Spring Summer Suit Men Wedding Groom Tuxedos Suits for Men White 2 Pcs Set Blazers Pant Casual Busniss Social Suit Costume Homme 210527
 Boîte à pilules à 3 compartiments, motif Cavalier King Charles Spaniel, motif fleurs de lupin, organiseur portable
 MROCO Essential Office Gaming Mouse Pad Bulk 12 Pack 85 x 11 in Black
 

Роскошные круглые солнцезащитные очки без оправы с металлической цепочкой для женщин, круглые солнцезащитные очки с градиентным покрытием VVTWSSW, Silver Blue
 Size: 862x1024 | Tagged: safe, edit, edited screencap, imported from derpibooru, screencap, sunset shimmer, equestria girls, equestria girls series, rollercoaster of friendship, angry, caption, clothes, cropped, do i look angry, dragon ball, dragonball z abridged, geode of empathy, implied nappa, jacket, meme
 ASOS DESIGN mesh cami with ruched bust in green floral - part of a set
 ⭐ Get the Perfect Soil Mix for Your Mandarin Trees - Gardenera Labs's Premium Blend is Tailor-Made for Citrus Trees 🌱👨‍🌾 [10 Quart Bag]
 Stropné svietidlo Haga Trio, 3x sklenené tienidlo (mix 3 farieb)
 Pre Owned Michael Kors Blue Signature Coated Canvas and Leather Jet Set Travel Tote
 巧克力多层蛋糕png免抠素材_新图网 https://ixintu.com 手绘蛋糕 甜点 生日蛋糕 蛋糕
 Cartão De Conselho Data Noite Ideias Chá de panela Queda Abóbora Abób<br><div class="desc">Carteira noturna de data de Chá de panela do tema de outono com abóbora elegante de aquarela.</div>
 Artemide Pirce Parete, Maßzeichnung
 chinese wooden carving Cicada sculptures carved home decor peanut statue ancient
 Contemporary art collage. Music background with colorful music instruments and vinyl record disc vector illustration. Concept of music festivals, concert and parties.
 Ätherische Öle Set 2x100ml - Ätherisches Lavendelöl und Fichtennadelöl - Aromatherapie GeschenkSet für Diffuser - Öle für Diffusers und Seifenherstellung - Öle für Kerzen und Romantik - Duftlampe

## Task statement
Starting at the first line of the records above, please copy every line exactly through the line containing "巧克力多层蛋糕png免抠素材_新图网 https://ixintu.com 手绘蛋糕", and stop there.

## Problem solution
Spring Summer Suit Men Wedding Groom Tuxedos Suits for Men White 2 Pcs Set Blazers Pant Casual Busniss Social Suit Costume Homme 210527
 Boîte à pilules à 3 compartiments, motif Cavalier King Charles Spaniel, motif fleurs de lupin, organiseur portable
 MROCO Essential Office Gaming Mouse Pad Bulk 12 Pack 85 x 11 in Black
 

Роскошные круглые солнцезащитные очки без оправы с металлической цепочкой для женщин, круглые солнцезащитные очки с градиентным покрытием VVTWSSW, Silver Blue
 Size: 862x1024 | Tagged: safe, edit, edited screencap, imported from derpibooru, screencap, sunset shimmer, equestria girls, equestria girls series, rollercoaster of friendship, angry, caption, clothes, cropped, do i look angry, dragon ball, dragonball z abridged, geode of empathy, implied nappa, jacket, meme
 ASOS DESIGN mesh cami with ruched bust in green floral - part of a set
 ⭐ Get the Perfect Soil Mix for Your Mandarin Trees - Gardenera Labs's Premium Blend is Tailor-Made for Citrus Trees 🌱👨‍🌾 [10 Quart Bag]
 Stropné svietidlo Haga Trio, 3x sklenené tienidlo (mix 3 farieb)
 Pre Owned Michael Kors Blue Signature Coated Canvas and Leather Jet Set Travel Tote
 巧克力多层蛋糕png免抠素材_新图网 https://ixintu.com 手绘蛋糕 甜点 生日蛋糕 蛋糕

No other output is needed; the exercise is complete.